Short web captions
◆ ◆ ◆
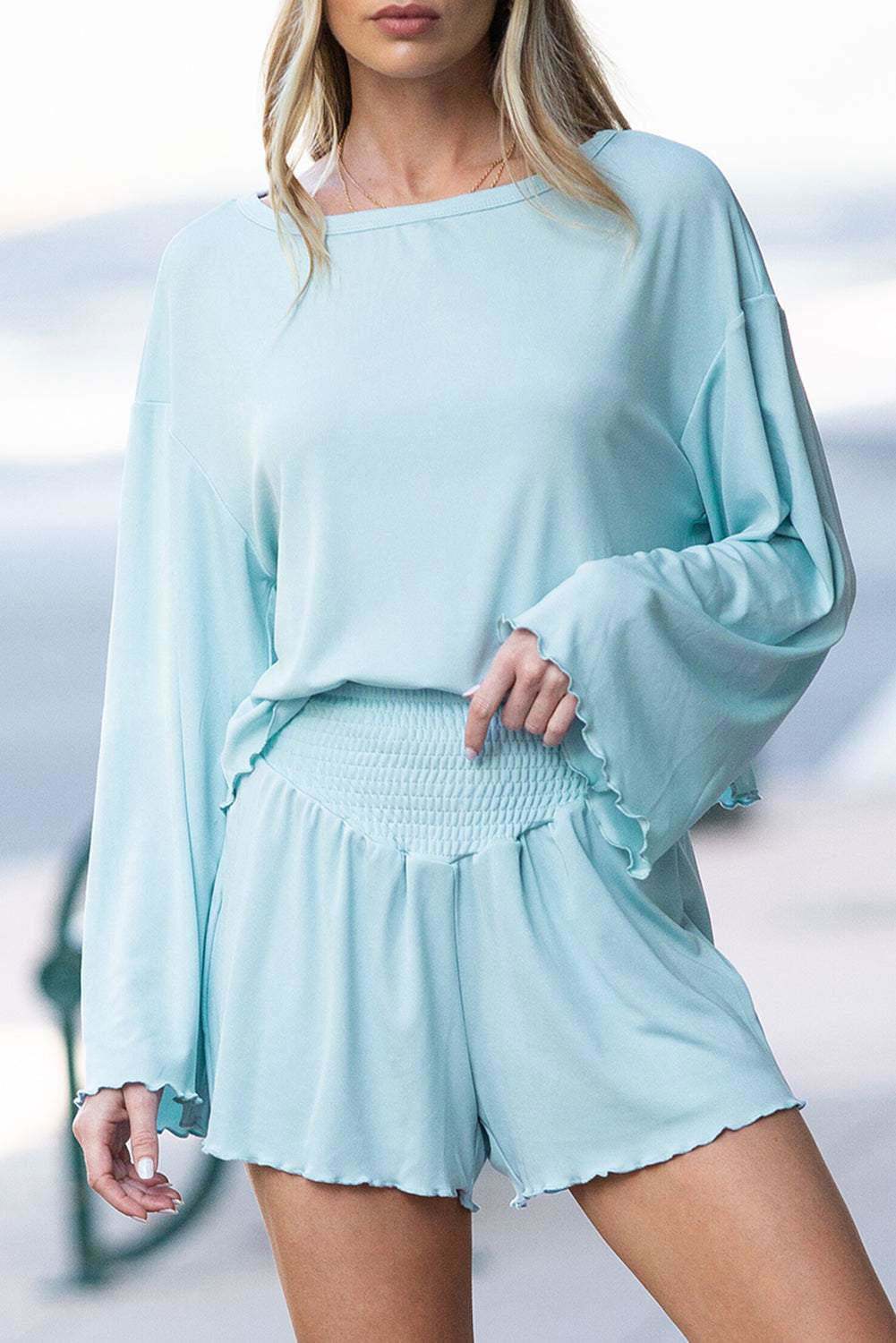 Sky Blue Long Sleeve Top & Shirred High Waist Shorts Set 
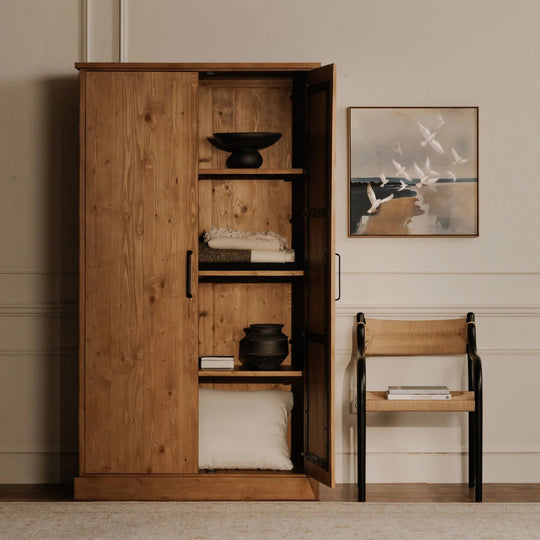 HONEY PINE TALL CUPBOARD CABINET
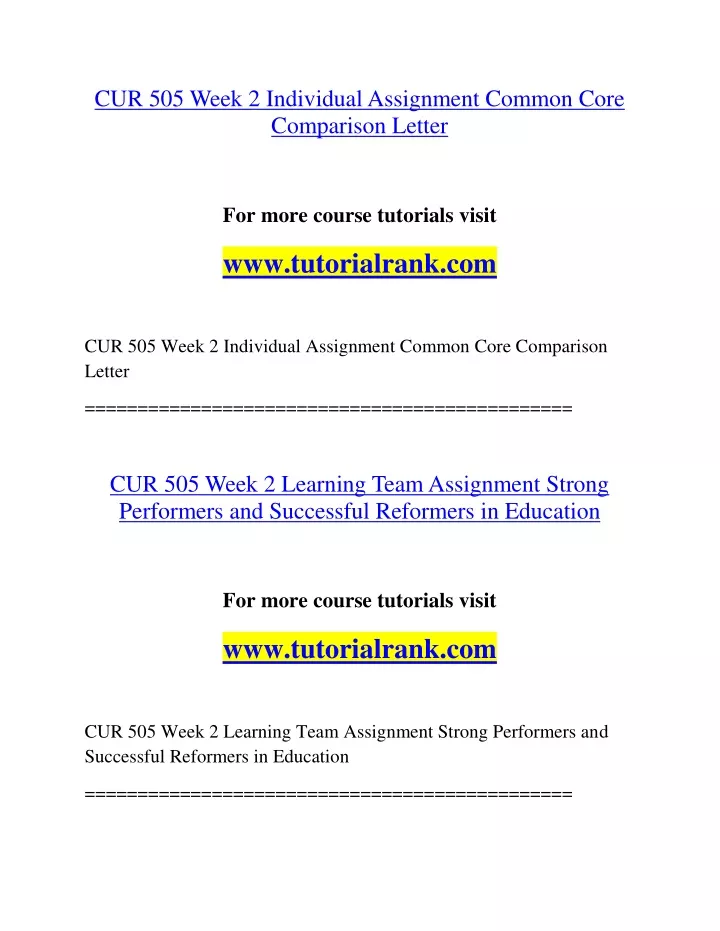 cur 505 week 2 individual assignment common core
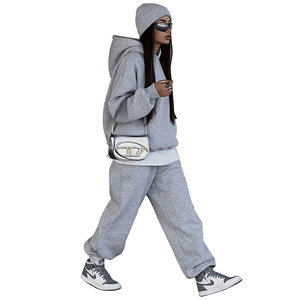 Ensemble sweat-shirt et jogging pour femme, logo personnalisé, 100% coton, écologique, respirant, couleur unie, imprimé, sweat-shirt pour l'hiver - Product Image 5
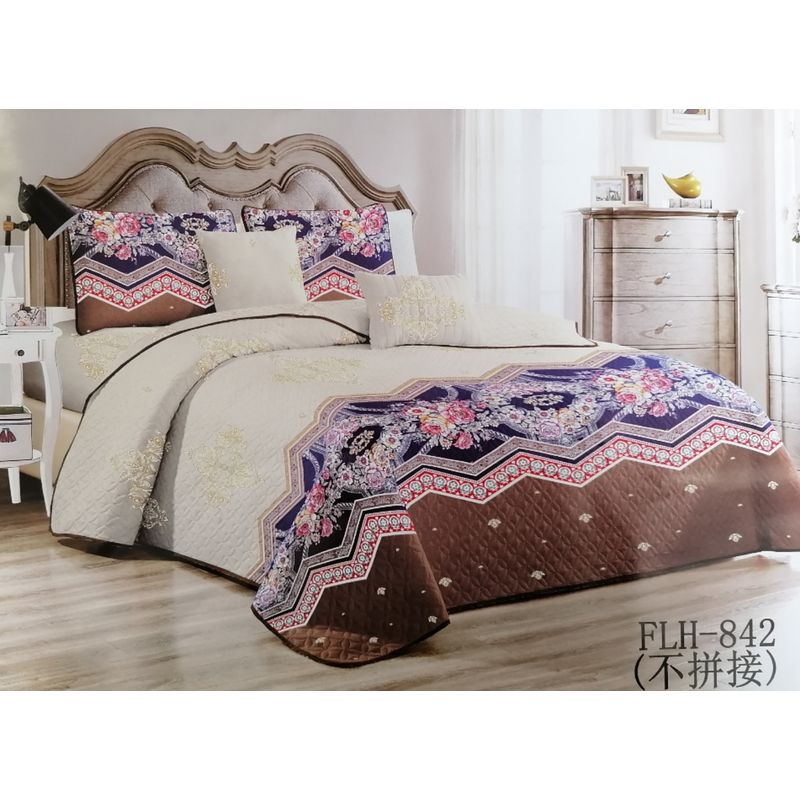 GENERICO - CUBRECAMA 2 PLAZAS ESTAMPADO CON FUNDAS DE ALMOHADA.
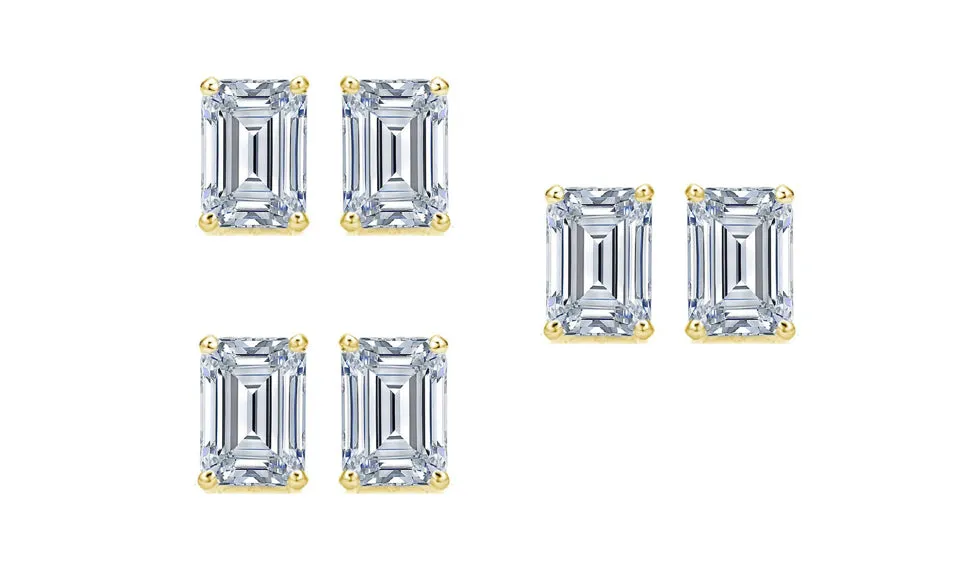 18k Yellow Gold 6mm 2Ct Emerald Cut White Sapphire Set Of Three Stud Earrings Plated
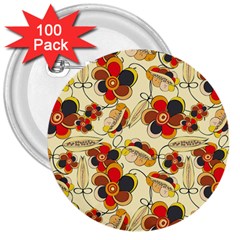 Flower Seed Rainbow Rose 3  Buttons (100 Pack)  by Mariart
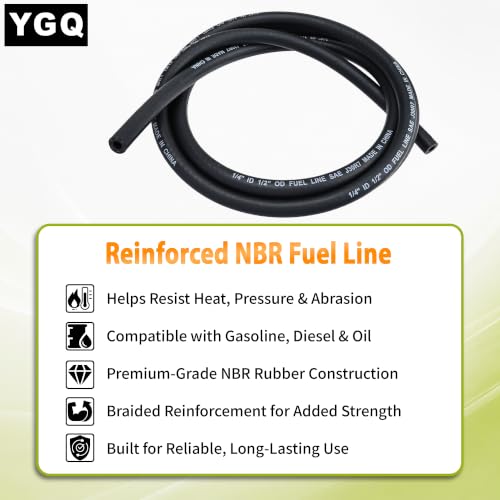 Image of 1 /4 inch ID Fuel Line Hose Braided NBR Rubber Tubing Kit w /Filters Valves Clamps fit for Kawasaki Kohler B S Craftsman MTD Small Engine Generator Mower Automotives (6.6ft)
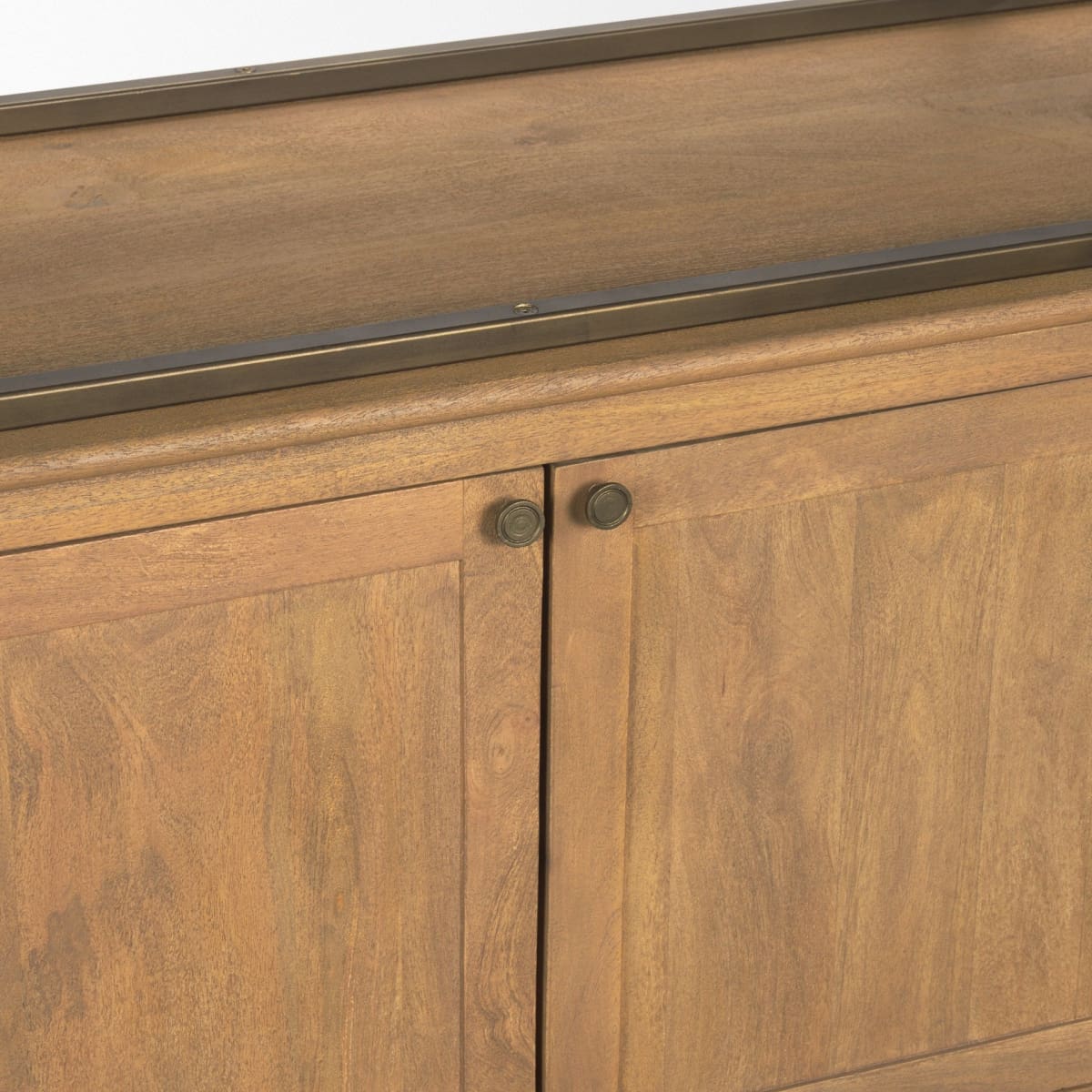 Braxton Shelving Unit Light Brown | Antiqued Brass | 4 Doors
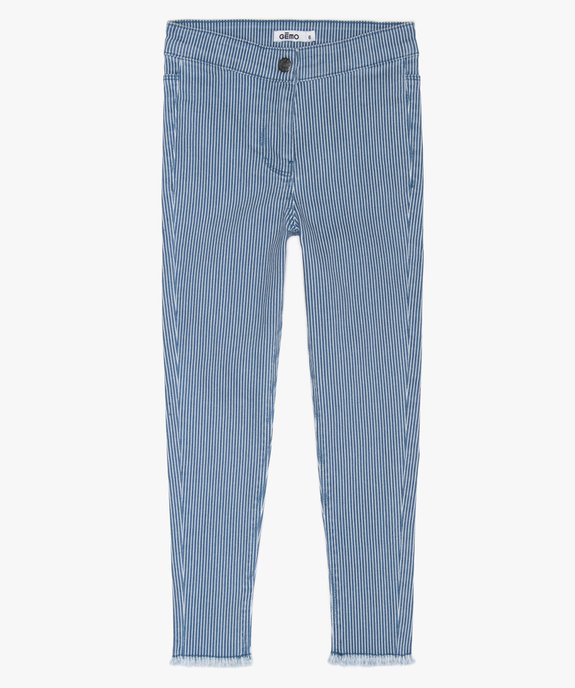 Pantalon fille à rayures et finitions franges vue1 - GEMO (ENFANT) - GEMO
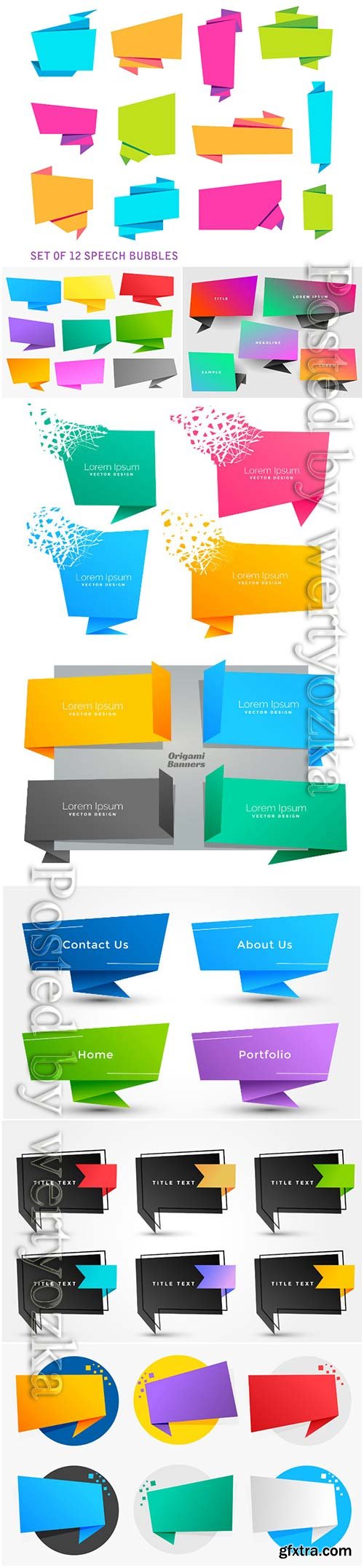 Set of four empty origami chat bubble Set of four empty origami chat bubble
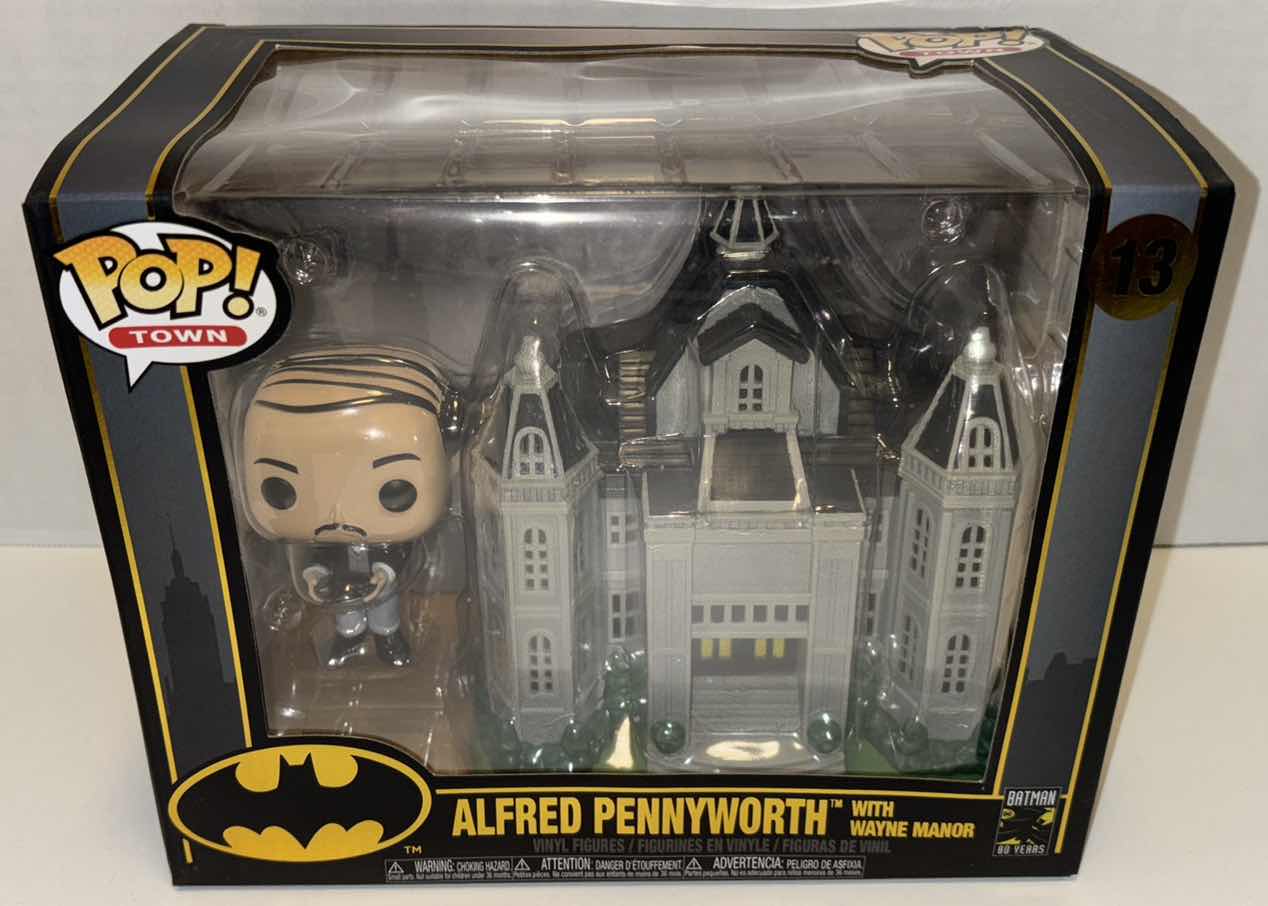 Photo 1 of NEW FUNKO POP! TOWN DC SUPER HEROES BATMAN 80 YEARS VINYL FIGURE, #13 ALFRED PENNYWORTH WITH WAYNE MANOR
◆ ◆ ◆
**WORK TASK:** What you output should match the records line for line, minus the pictures.

**ANSWER TO THIS PROBLEM:**
 Sky Blue Long Sleeve Top & Shirred High Waist Shorts Set 
 HONEY PINE TALL CUPBOARD CABINET
 cur 505 week 2 individual assignment common core
 Ensemble sweat-shirt et jogging pour femme, logo personnalisé, 100% coton, écologique, respirant, couleur unie, imprimé, sweat-shirt pour l'hiver - Product Image 5
 GENERICO - CUBRECAMA 2 PLAZAS ESTAMPADO CON FUNDAS DE ALMOHADA.
 18k Yellow Gold 6mm 2Ct Emerald Cut White Sapphire Set Of Three Stud Earrings Plated
 Flower Seed Rainbow Rose 3  Buttons (100 Pack)  by Mariart
 Image of 1 /4 inch ID Fuel Line Hose Braided NBR Rubber Tubing Kit w /Filters Valves Clamps fit for Kawasaki Kohler B S Craftsman MTD Small Engine Generator Mower Automotives (6.6ft)
 Braxton Shelving Unit Light Brown | Antiqued Brass | 4 Doors
 Pantalon fille à rayures et finitions franges vue1 - GEMO (ENFANT) - GEMO
 Set of four empty origami chat bubble Set of four empty origami chat bubble
 Photo 1 of NEW FUNKO POP! TOWN DC SUPER HEROES BATMAN 80 YEARS VINYL FIGURE, #13 ALFRED PENNYWORTH WITH WAYNE MANOR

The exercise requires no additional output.